People still defending tabletop are similar like trekkies who insist the old TV series with Kirk is The Real Star Trek (tm), and everything that came after is complete bull. Fact remains that anyone can download all the books as we speak, in beautiful high-res PDF using a program like Emule - and better still that practice is perfectly legal in my country. Hence creating these books (and buying them) will eventually be a ludicrous proposition. Yes - Wizards is manouvering itself in the same business disaster area as are the record companies, and it does so in a full psychotic state of denial.

The future of roleplaying is all a matter of online/handheld computer games. The future of roleplaying will NOT have either the WotC or D&D logo's stamped on to them - D&D is the dinosaurs of roleplaying and it is clearly unable to adapt, stuck in a last century business model. D&DI is a joke. It is like proposing to add streamlined wings to a horse cart when cars are whizzing by on an interstate. Sure, if you are an Amish, go ahead, have fun, stay stuck in your outdated convictions and your cellar.

While a few people remain glued to their dice and seats, millions of kids will move on, using handhelds, Personal Computers, virtual reality interfaces, obiquitous computing to play a vastly richer game. I once assumed that Roleplayers, as a rule, were the imaginative crowd but that clearly is NOT the case!

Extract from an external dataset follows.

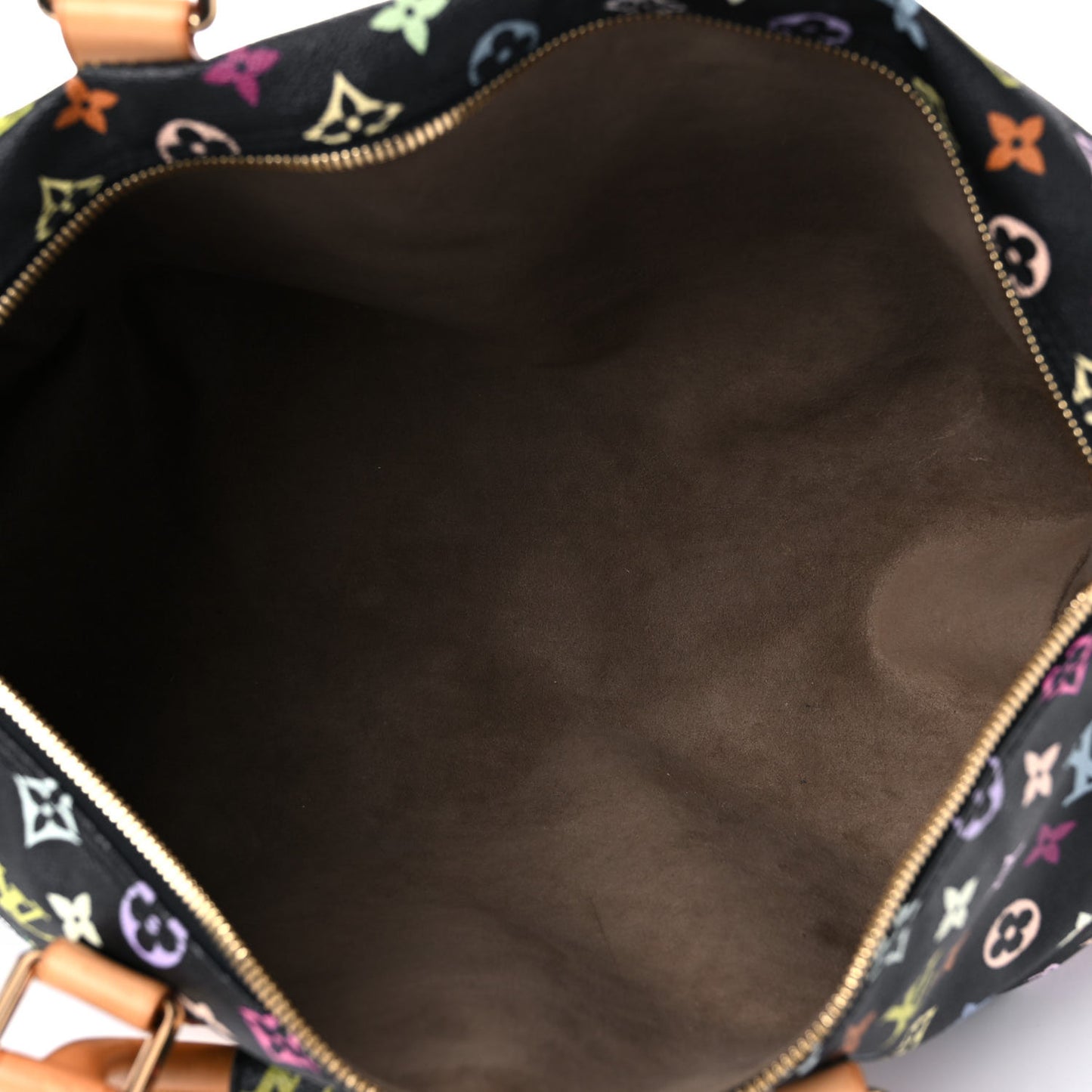 Monogram Multicolor Keepall 45 Black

However all that happening, and games like WoW being only in their infancy in 2007, the future does not and will not have a DnD logo stamped on it. Big MMO game companies will mine it for ideas and discard it while fake padded-ass geek 50 year olds on a stage make insider jokes on a stage in a dillapidated long island convention centre about rolling a saving throw version dragonbreath

"Ohhh Ahhh and now I die, aargh"

YES - D&D will die, or live on in the margins, as an afterthought. It will not evolve. It chances are being squandered now, and its management is betting on safe, like a bunch of losers. Likewise the player base that can not and will not grow up will too.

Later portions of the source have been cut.